While learning sentence construction and basic math, he had to deliver loads of unfinished shoes from small shoemakers to big factories for five centavos a pair. He would also sell ice drop and buchi to finance his studies.

As a young kid, he saw his father juggle three jobs as shoemaker, barber and carpenter just to make ends meet. Some days, he would fail still — despite the hard work and the perseverance. But everyone in the family, especially him, admired his father’s persistence — his eagerness to fight for their upkeep day after day.

When Dr. Ruben was rejected admission to the Philippine Military Academy or when his

application for assistantship to the Department of Agricultural Engineering was declined, he saw it as a sign to pursue a career in Agriculture.

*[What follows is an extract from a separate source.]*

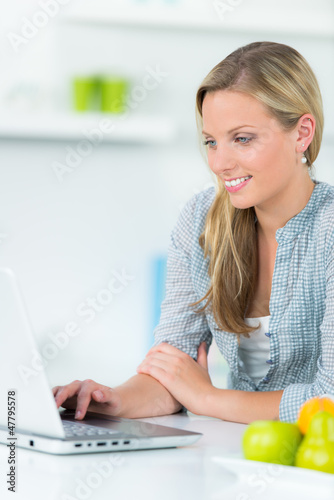 Photo: junge frau schaut auf ihr notebook junge frau schaut auf ihr notebook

Rightly so.

Over the years, Dr. Ruben has assumed key positions, including Chancellor of UPLB, Vice President of the National Academy of Science and Technology, Dean of the College of Agriculture, and Director of the Southeast Asian Regional Center for Graduate Study and Research in Agriculture (SEARCA), among others.

Whenever we meet, he would remind me that the more important question is not whether you have failed but rather whether you are content with it. Failures, he said, are just milestones to success.

Six decades prior, Dr. Ruben scrubbed the hallways and cleaned the toilets of the Institute of Plant Breeding. Today, he is one of the most revered authority in the scientific community in and outside the country.